[Work to be completed]
Looking through the data below, work out how many lines have the word "Docker". Reply with that number only.

Exercise materials START

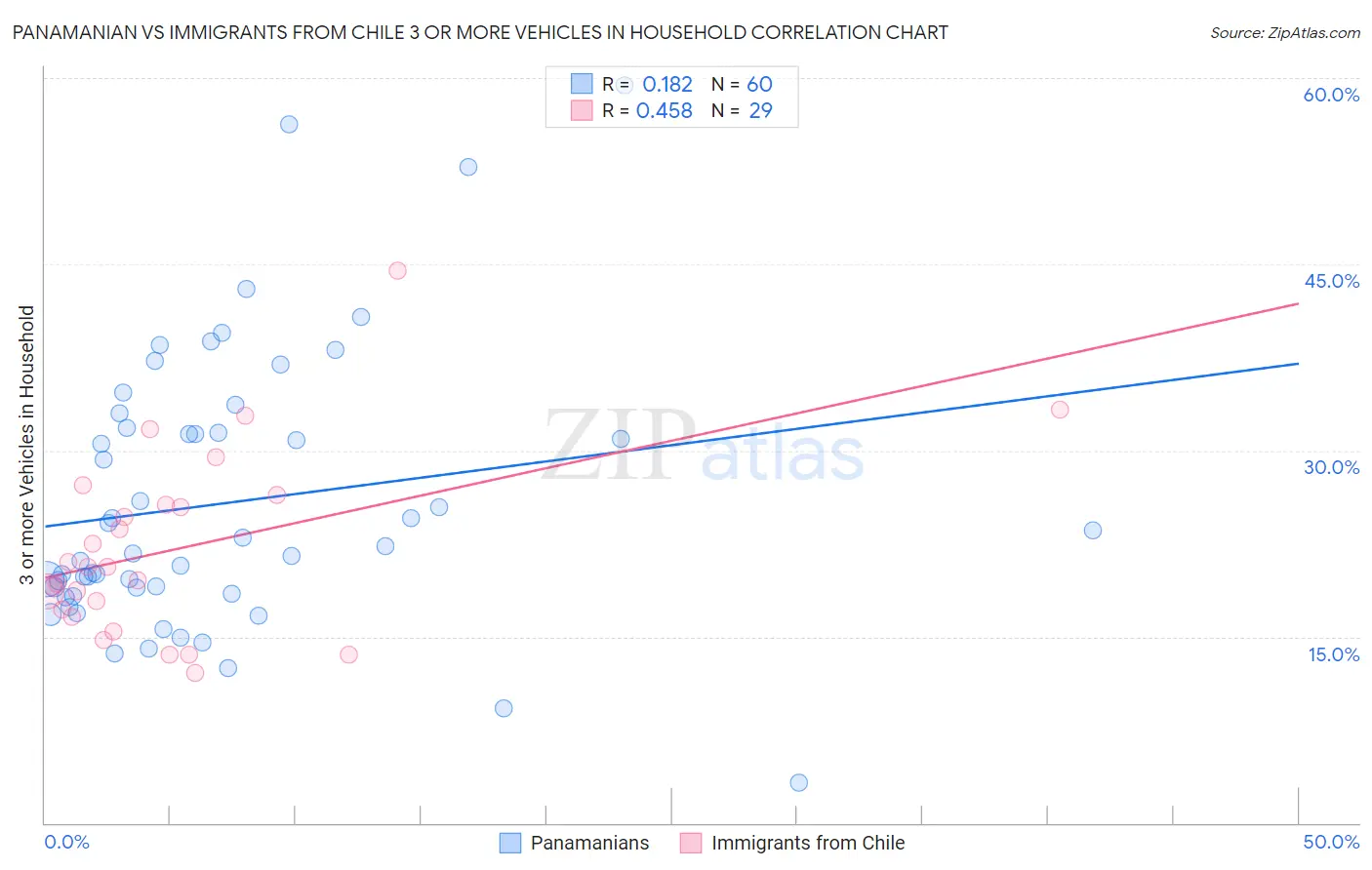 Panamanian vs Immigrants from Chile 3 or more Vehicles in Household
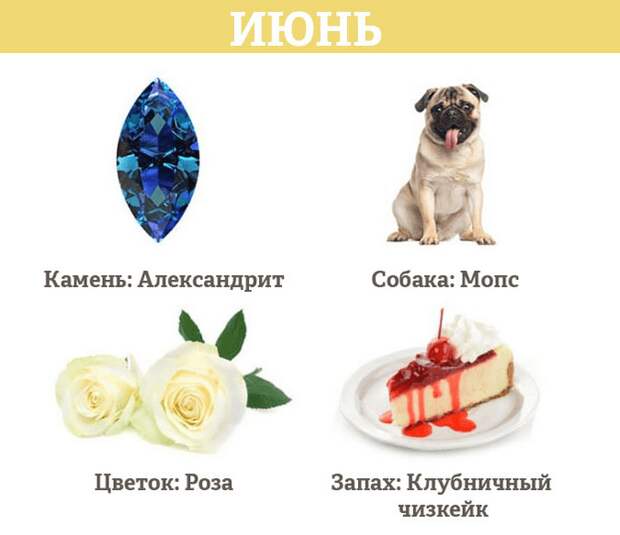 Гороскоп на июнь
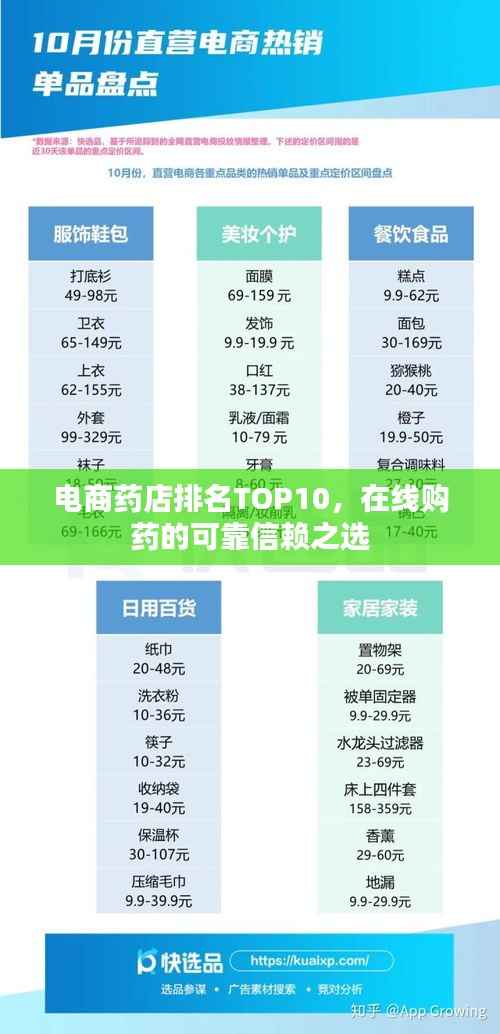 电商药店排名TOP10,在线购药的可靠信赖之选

Exercise materials END
Exercise materials START

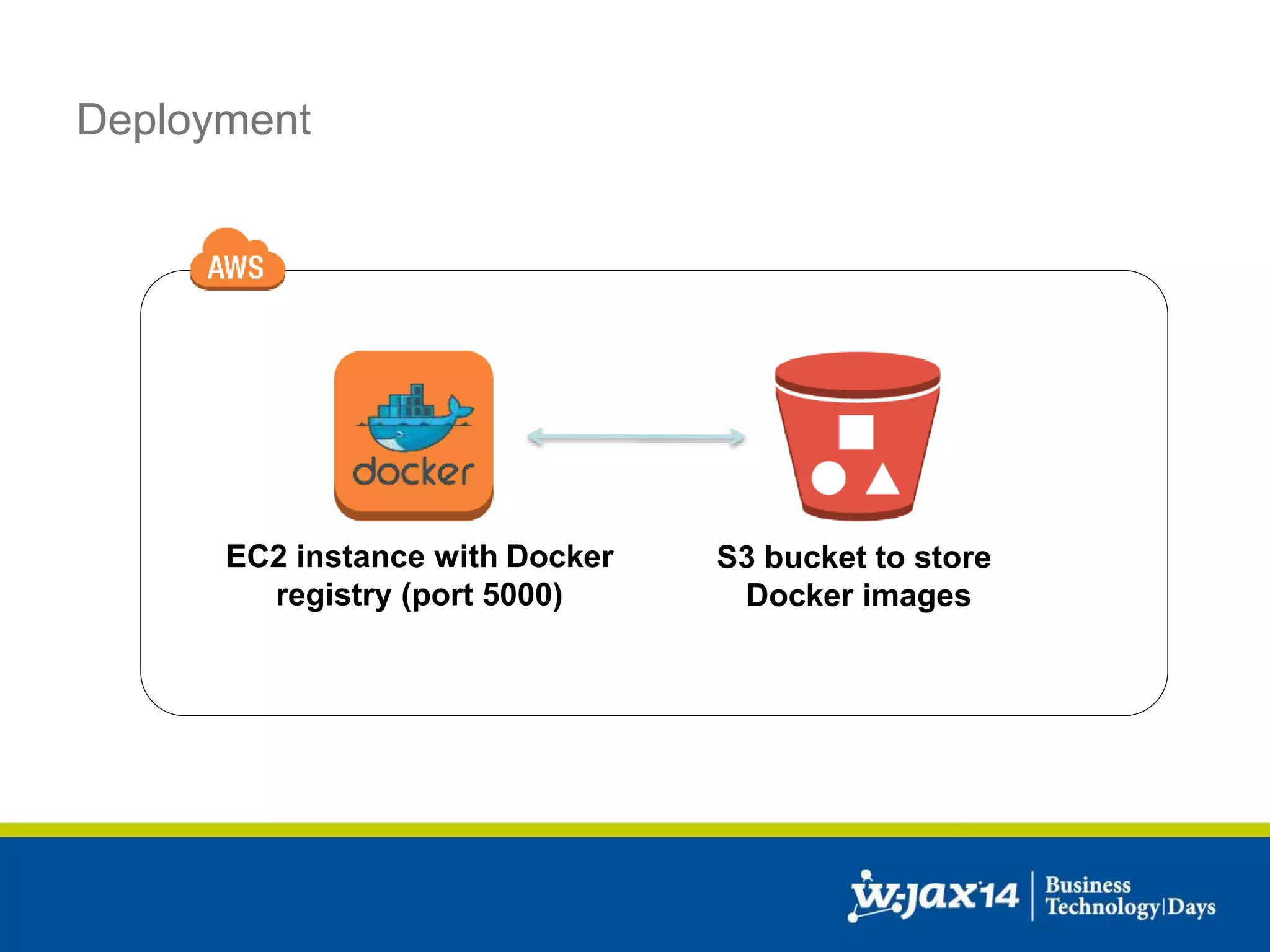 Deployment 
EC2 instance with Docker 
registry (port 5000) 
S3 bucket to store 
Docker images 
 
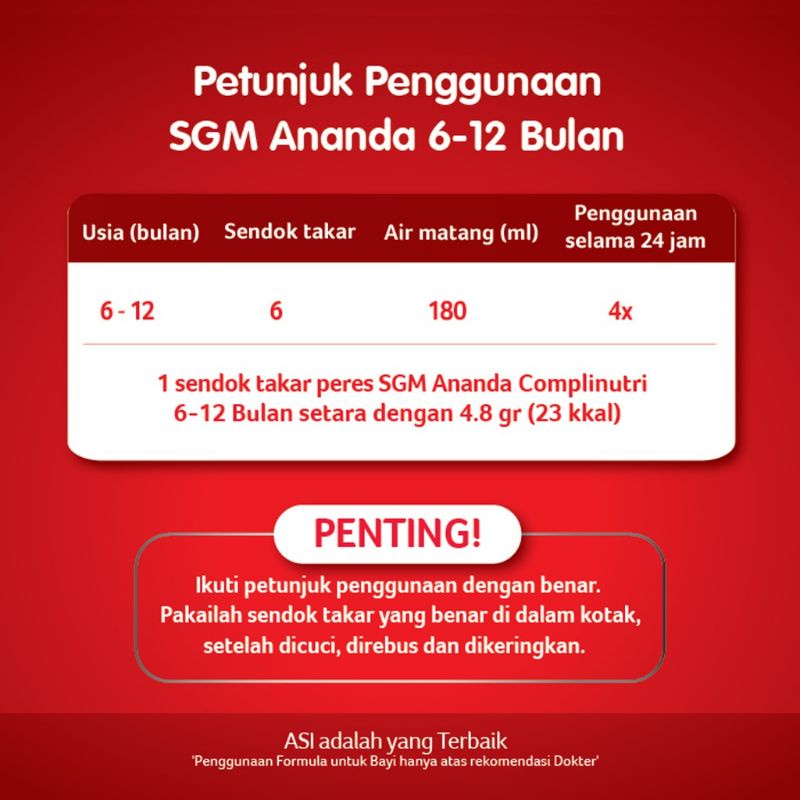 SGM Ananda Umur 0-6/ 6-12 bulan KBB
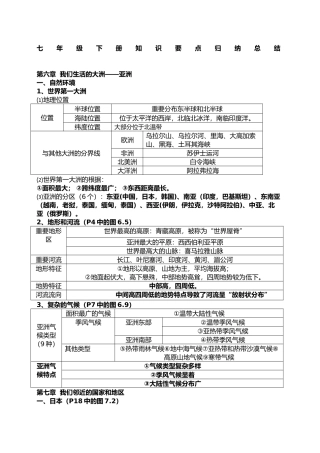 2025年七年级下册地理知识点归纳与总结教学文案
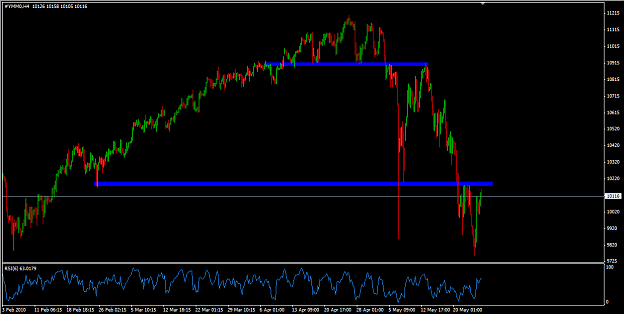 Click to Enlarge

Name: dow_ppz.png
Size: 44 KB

Exercise materials END
Exercise materials START

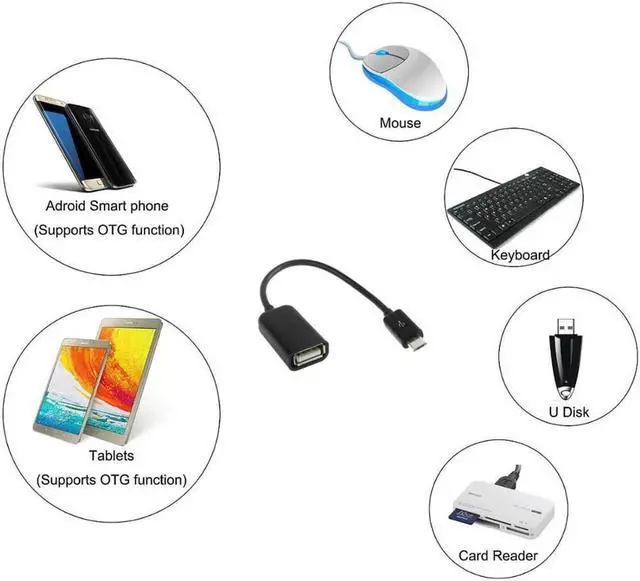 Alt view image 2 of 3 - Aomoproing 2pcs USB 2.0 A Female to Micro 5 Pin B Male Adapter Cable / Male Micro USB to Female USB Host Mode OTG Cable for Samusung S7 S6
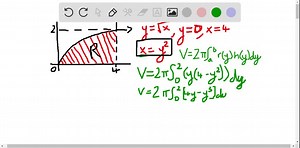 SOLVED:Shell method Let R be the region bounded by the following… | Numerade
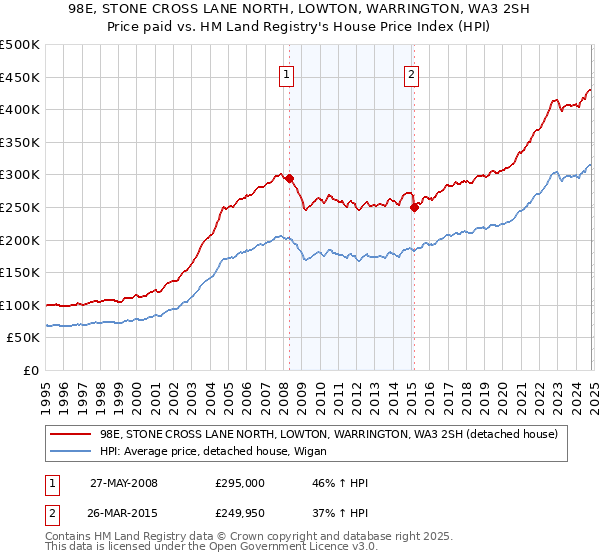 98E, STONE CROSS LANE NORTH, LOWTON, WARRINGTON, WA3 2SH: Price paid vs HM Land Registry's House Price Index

Exercise materials END

[Exercise result]
2